Interaction of a plane progressive sound wave with anisotropic cylindrical shells

An exact analysis based on the wave function expansion is carried out to study the scattering of a plane harmonic acoustic wave incident at an arbitrary angle upon an arbitrarily thick helically filament-wound (anisotropic) cylindrical shell submerged in and filled with compressible ideal fluids. Using the laminated approximation method, a modal state equation with variable coefficients is set up in terms of appropriate displacement and stress functions and their cylindrical harmonics to present an analytical solution based on the three-dimensional exact equations of anisotropic elasticity.
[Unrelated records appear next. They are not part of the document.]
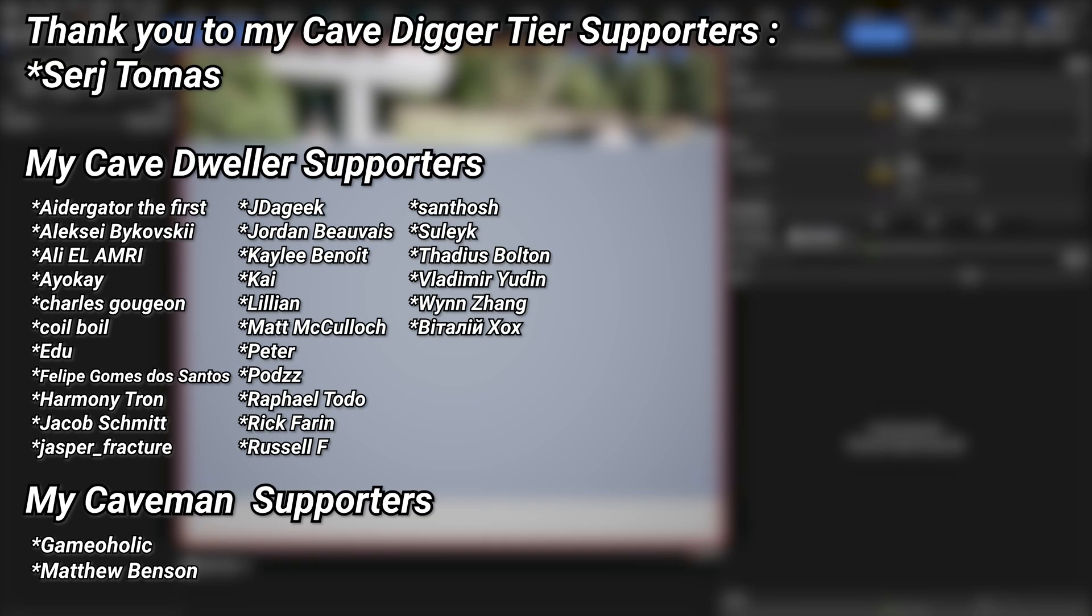A very big thank you to all of my Patreons. You can see them on screen right now. If you want to help out supporting the channel, there's a link down below in the description to the Patreon page. And a special thanks to my cave diggle tier Patreons, Sergey and Thomas.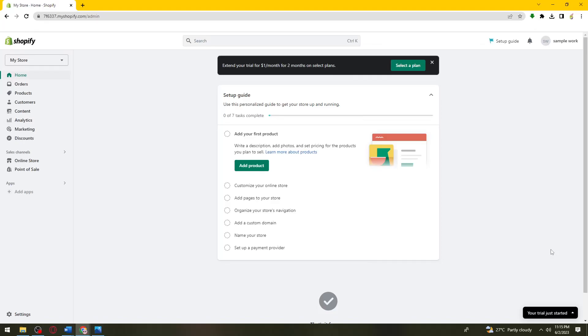Welcome! In this tutorial, I'm going to show you how to fix Shopify products not showing up. If you want to know how I did it, just keep on watching.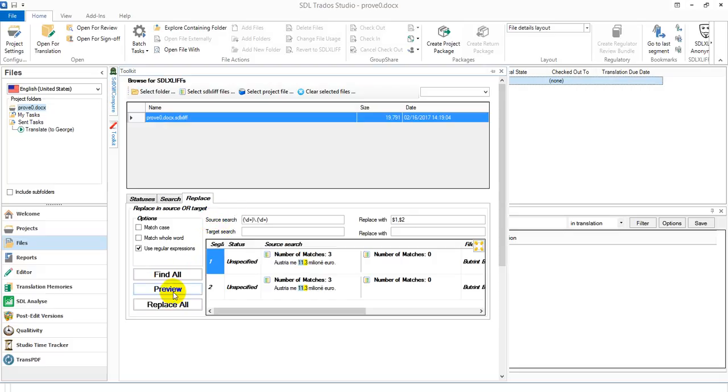So I can preview it, and you can see when I do that, the dot changes to a comma, so that's exactly what I want. So then I can just click replace all, and that's it.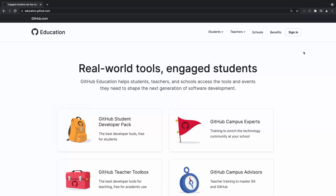Let's take a look at what Global Campus currently has to offer. In order to get on Global Campus, you'll need to visit education.github.com. From here, you'll need to sign in as a verified student.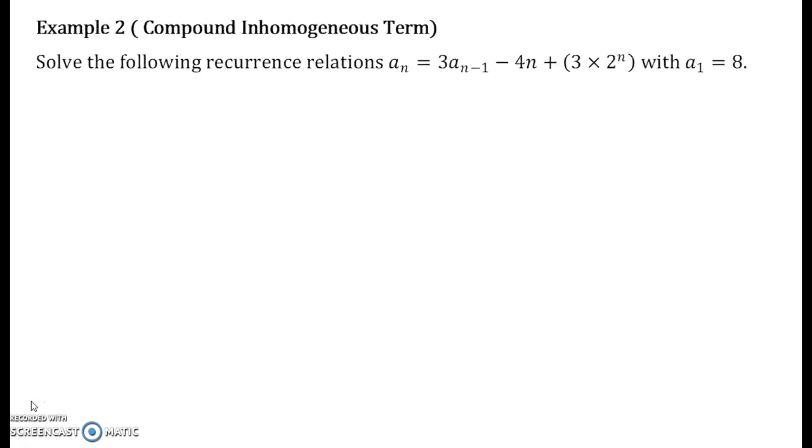Hello everyone, welcome to the video lecture series of recurrence relations. In this video lecture, I shall be solving the second problem on inhomogeneous recurrence relation. There is something new in this problem — let us see the novelty.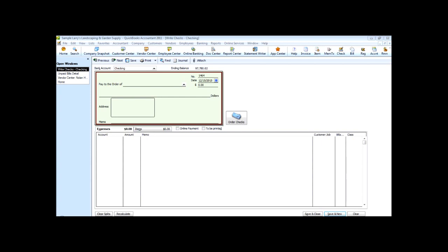Now you've seen how to record your bill, pull it up within the Pay Bills window, select it for payment, and apply a vendor discount to the bill.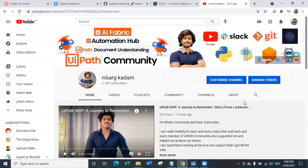Hello everyone and welcome back to my YouTube channel. My name is Nesav Akadam. I know that I am creating a video after a long time, but it has been a really busy schedule. Thanks to this free time, I got an opportunity to create a new video. You might have already seen the thumbnail and the title of the video, so today's video we are going to talk about UiPath's Object Detection AI Center model.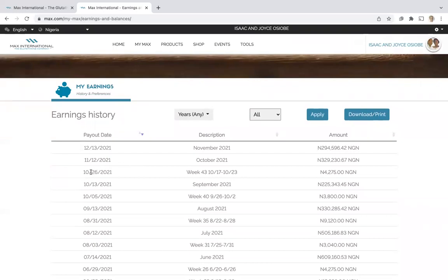These are for weekly commissions. Weekly commissions are those commissions which are paid to you for either enrolling a new associate or when a preferred customer purchases.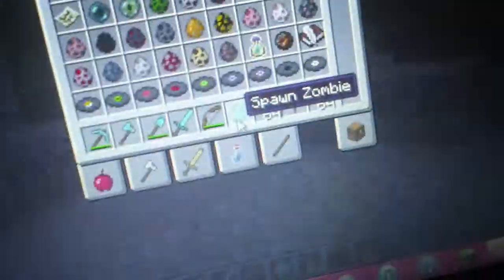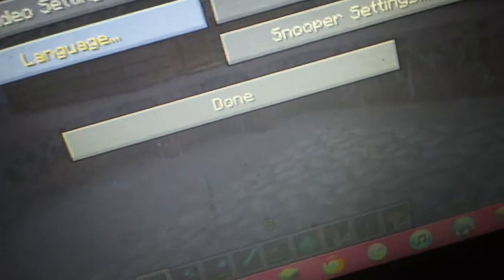I love this world. This is so cool. I'm gonna spawn a creeper. No.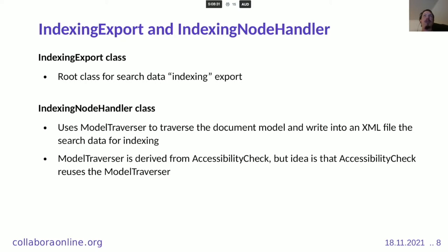The idea is that both the accessibility check and indexing reuse the ModelTraversal class, and other uses may be found for it as well. For example, searching for colors that a document uses could also use ModelTraversal, but this is something we will implement later.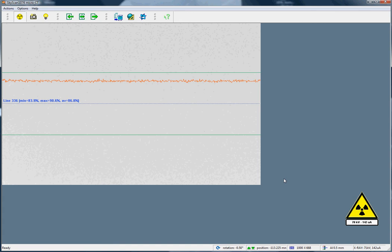One note of caution on this, however. When you first turn on your X-ray source, it can take a number of minutes for its output to fully stabilise. So make sure the source has been on for, say, 5 minutes before taking your flat field correction, rather than taking it immediately, so that the source is stable when you take the flat field.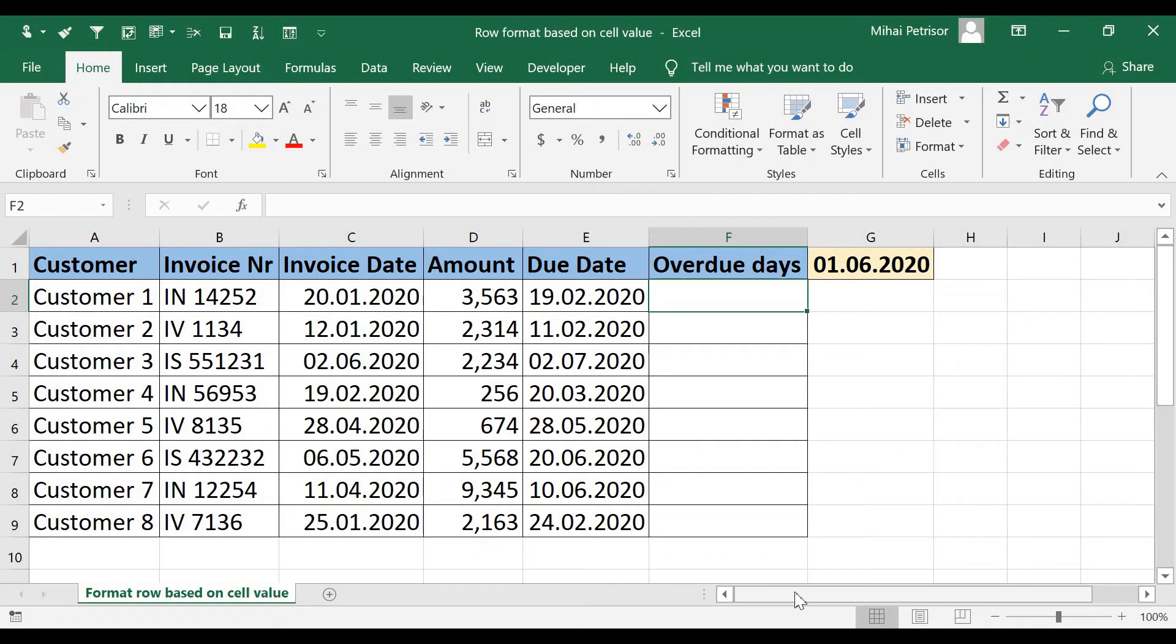Hi! In this video we'll see how to format a row based on a cell value.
Taylor’s expansion theorem is then employed to obtain the solution to the modal state equation, ultimately leading to calculation of a transfer matrix. Following the classic acoustic resonance scattering theory (RST), the scattered field and response to surface waves are determined by constructing the partial waves and obtaining the background (non-resonance) and resonance components from it. The solution is particularly used for the isolation and identification of excited resonances of an air-filled and water submerged Graphite/Epoxy cylindrical shell as the circumnavigating helically propagating waves. In addition, the sensitivity of resonances associated with various modes of wave propagation appearing in the backscattered amplitude to the perturbation in the material’s elastic constants is examined. Furthermore, non-axisymmetric dynamic behavior of the anisotropic shell is illustrated by analyzing the directivity pattern associated to the angular distribution of the far-field form function amplitude. The effects of winding angle of filaments and the shell wall-thickness on the frequency response of the shell are also investigated. For verification, the wave propagation characteristics of the anisotropic shell (which have been extracted from the main body of the solution) and the far-field form function amplitude of a limiting case are considered and fair agreement with the solutions available in the literature are established.